At the end of October 2020, we learned that the Women and Equalities Select Committee is holding an Inquiry into Reform of the Gender Recognition Act (2004).

 

Although we thought we had put this to bed when the Report on the Consultation into the Gender Recognition Act was published by the Government Equalities Office on 22nd September, it is not unusual for a Committee to establish an Inquiry to respond to Government recommendations or proposals for legislation.

 

The Women and Equalities Select Committee is mostly comprised of new members who will not have been involved in the previous Consultation held in 2018.  Therefore it is important that we make sure that they understand the issues at stake and that women’s voices are heard.

 

The call for written submissions closes on Friday November 27th.  

 

The Inquiry is split into two sections:

 

•    The Government’s response to the GRA consultation

•    Wider issues concerning transgender equality and current legislation

 

Many of the questions are similar to those in the original Consultation on the GRA from 2018.

 

You do not have to answer all the questions, and can focus on the ones that are most relevant.

 

We will be making a submission focussing on the following question in relation to women in prison:

 

Are the provisions in the Equality Act for the provision of single-sex and separate-sex spaces and facilities in some circumstances clear and usable for service providers and service users?

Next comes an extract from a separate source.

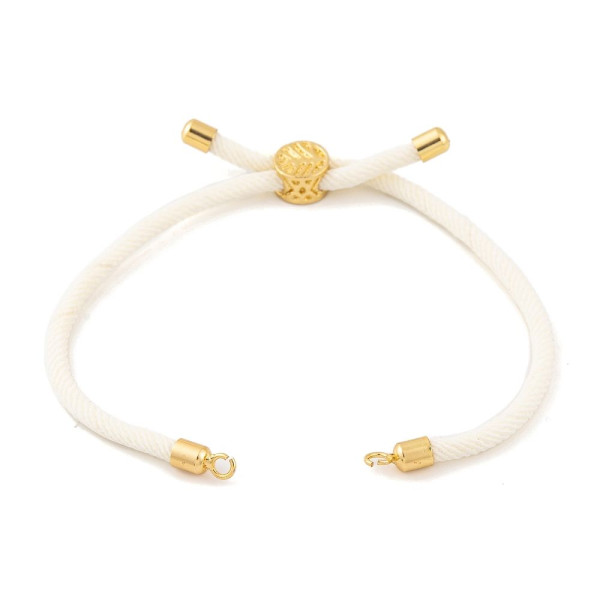 Supports Bracelet Intercalaire Cordon Nylon Ajustable Slide Arbre Doré Coloris Blanc Crème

If not, is reform or further guidance needed?

We urge you to make your own submissions.  You can use the resources here to focus on women in prison.  You may find the interview with KPSS Director Kate Coleman a helpful introduction to the issues.

 

The women’s rights organisation WPUK has produced a guide to making submissions, including links to useful resources concerning other issues.

Points to note:

 

•    Submissions should not be published, e.g. on a blog, on social media, or elsewhere.

•    If accepted by the Committee, submissions will be published by Parliament and will be publicly available.

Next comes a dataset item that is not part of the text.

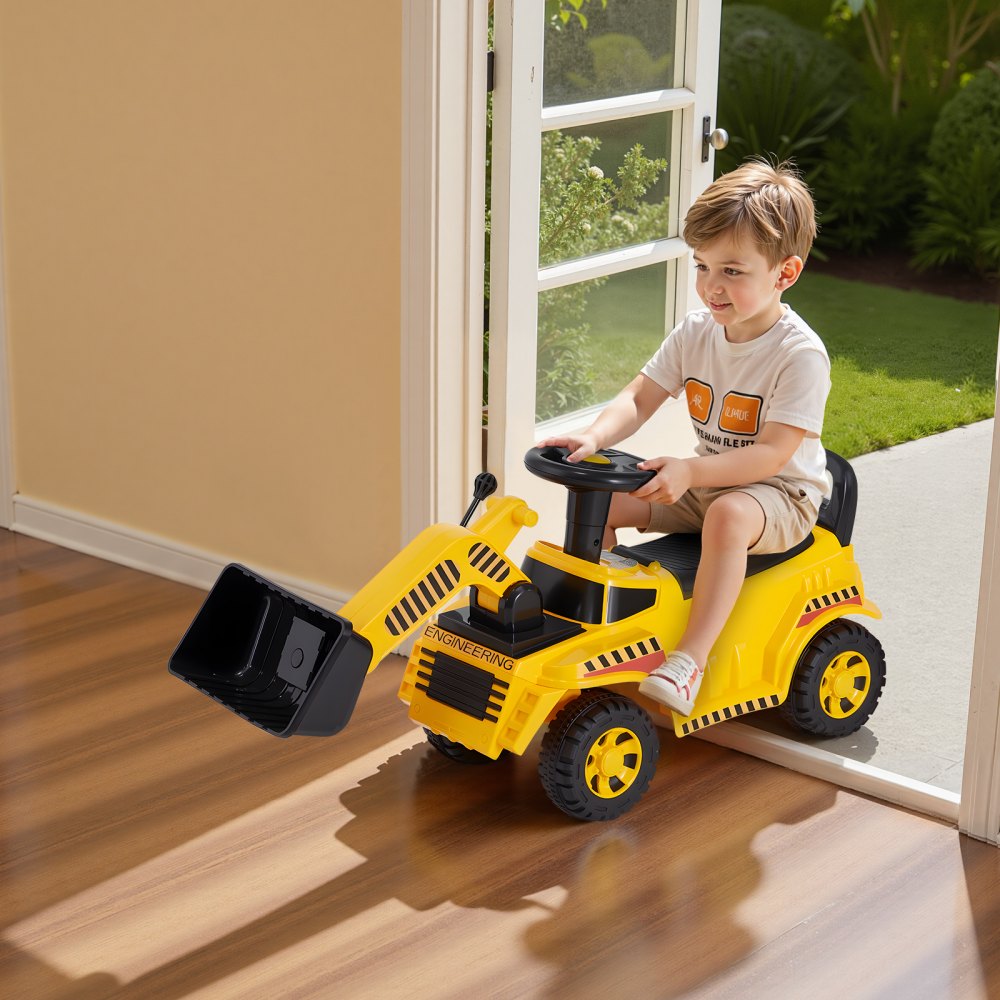 VEVOR Excavadora Correpasillos, Excavadora para Niños 107 x 29 x 54 cm con Sistema Antivuelco y Compartimento Bajo el Asiento, Capacidad de 25 kg, Andador para Niños de 19 a 36 Meses, Amarillo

•    You can request that your submission be anonymous.

•    Matters currently before a court of law cannot be referred to, neither can matters in respect of which court proceedings are imminent.  This means we cannot refer to the Judicial Review, even though it has been adjourned.

 

The Committee has provided clear guidance about the form that submissions should take:

 

Guidelines

 

To successfully make a submission via an online form on a committee’s website, documents need to:

 

•    Be less than 25 MB in size

•    Be in Word (doc, docx, rtf, txt, xml or odt format, not PDF)

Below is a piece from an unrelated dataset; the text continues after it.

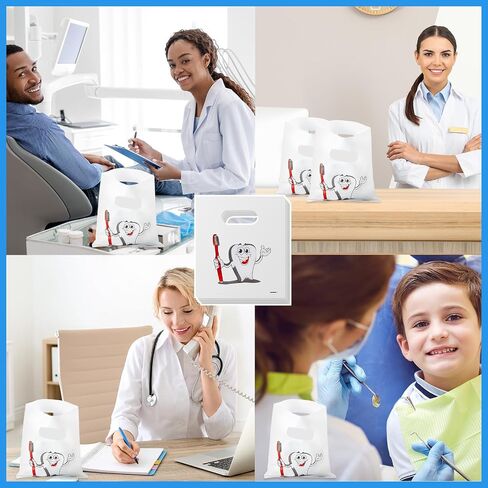 800 قطعة من أكياس العناية بالأسنان للمرضى، حقائب هدايا للأسنان مقاس 9 × 8 بوصات مع مقابض، حقائب هدايا للأسنان لعيادات طبيب الأسنان، ملحقات العناية بالأسنان، هدايا تشجيعية للحفلات (المريض) in Kuwait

•    Contain as few logos or embedded pictures as possible

•    Contain no macros

•    Comprise a single document. If there are any annexes or appendices, these should be included in the same document.

 

It also assists the committee if those submitting evidence adhere to the following guidelines. Each submission should:

 

•    State clearly who the submission is from, i.e. whether from yourself in a personal capacity or sent on behalf of an organisation, for example the submission could be headed ‘Written evidence submitted by xxxxx’

•    Be concise - we recommend no more than 3,000 words in length, unless otherwise stated in the inquiry terms of reference

•    Begin with an executive summary in bullet form of the main points made in the submission

•    Include a brief introduction about yourself/your organisation and your reason for submitting evidence

•    Have numbered paragraphs

•    Include any factual information you have to offer from which the committee might be able to draw conclusions, or which could be put to other witnesses for their reactions

•    Include any recommendations for action by the Government or others which you would like the committee to consider.

 

The call for written submissions closes on Friday November 27th.